Planning Your Business Exit Strategy

Do You Have A Business Exit Strategy?

Don’t feel bad if you don’t have a business exit strategy as you’ll be in good company with the vast majority of small and medium sized business owners out there.

But to be fair,  you can define an exit strategy in a lot of different ways.

So lets go over the ways I would describe it and you can send me your comments if you see it differently.

The first type of exit strategy is to sell your interest in the business when its worth the most to others.  The focus here is to work on increasing the enterprise value of the business and always have the business in what I call a sellable position, so when opportunity comes calling, whenever that may be, you’re ready to take advantage of a good payday.

The rationale is that you can’t predict when a highly motivated buyer will be looking to invest in what you have been building.  So when ever the situation presents itself, you are ready to entertain top level offers.

The second type of exit strategy or approach to business exit is to build up the business to a point where its doing very well in its market and getting close to peak performance where incremental efforts to increase profitability will only generate marginal gains.  The rationale is that the best price for selling an interest is when a business is at the top of its game and has a solid near term track record to back it up.

There is never any guarantees that performance at that level can be sustained, so why not try and sell out when you can paint the most glowing picture?  If a new competitor enters the market, or an old competitor re-invests, or the economy turns, or whatever … will  the spin off effect create a drop off in business, which in turn reduces the business value?  Here, we never assume that business will be good and like any other market you want to sell at or near the height of the market.

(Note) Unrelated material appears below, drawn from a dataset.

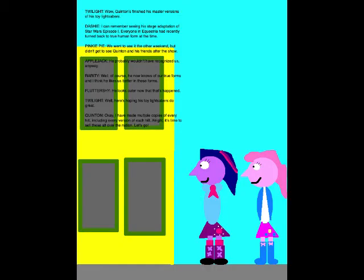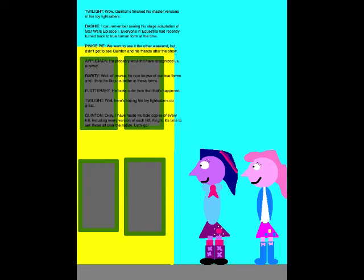Wow, Quentin's finished his master versions of his toy lightsabers! I can remember seeing a stage adaptation of Star Wars Episode I. Everyone in Equestria had recently turned back to a true human form at the time. We went to see him the other weekend, but didn't get to see Quentin and his friends after the show. He probably wouldn't have recognized us anyway. Well, of course he now knows of our true forms, and I think he likes us better in these forms. It looks cuter now that that's happened. Well, here's hoping this toy lightsabers do great.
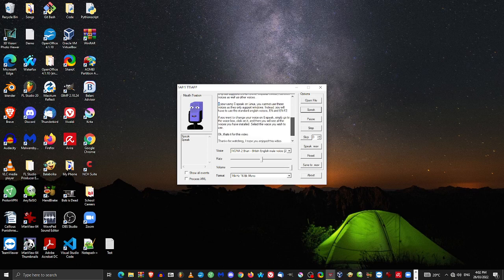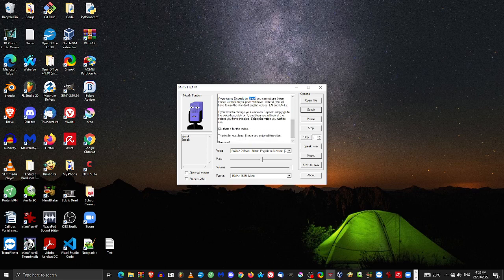If you're using eSpeak on Linux, you cannot use these voices as they only support Windows. Instead, you will have to use the standard English voices, N and NF2.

While similar to the first strategy, this approach is more fixed on the near term where the owner may give himself up to 5 years to build up the business and get out.  In the first strategy, while a short term sell out is possible, the main focus is to always be ready to sell if the opportunity arises whether that be in 5 years are 25 years.

Following the first two strategies towards exit, you are always treating your business as an active market position that you are prepared to sell for a good profit at any time.

The third and most common approach is to own and operate a business until you reach retirement age or you just get pain sick of it.  The problem with this approach is that its not really a strategy at all in that its far easier to say my exit strategy is to sell when I retire.  Therefore, no work is required right now, especially if you’re 10+ years to retirement, right?

Wrong, or at least I say its wrong.  Why?  Because when that day comes when you decide its time to retire, what are the odds that the business is at or near its peak value, what are the chances its been built up for sale over a series of years to support a solid sale price, what is the probability that there will be a demand for what you’ll be trying to sell?

If you want to take this approach, then in order to get the most out of your business for retirement, you need to be planning the exit strategy years in advance to build a profitable exit versus hoping a profitable exit will happen.

Unfortunately for many, there is no profitable exit and still others that could have been a lot more profitable with some planning and for thought.

If you don’t have an exit plan, its definitely something to start seriously thinking about.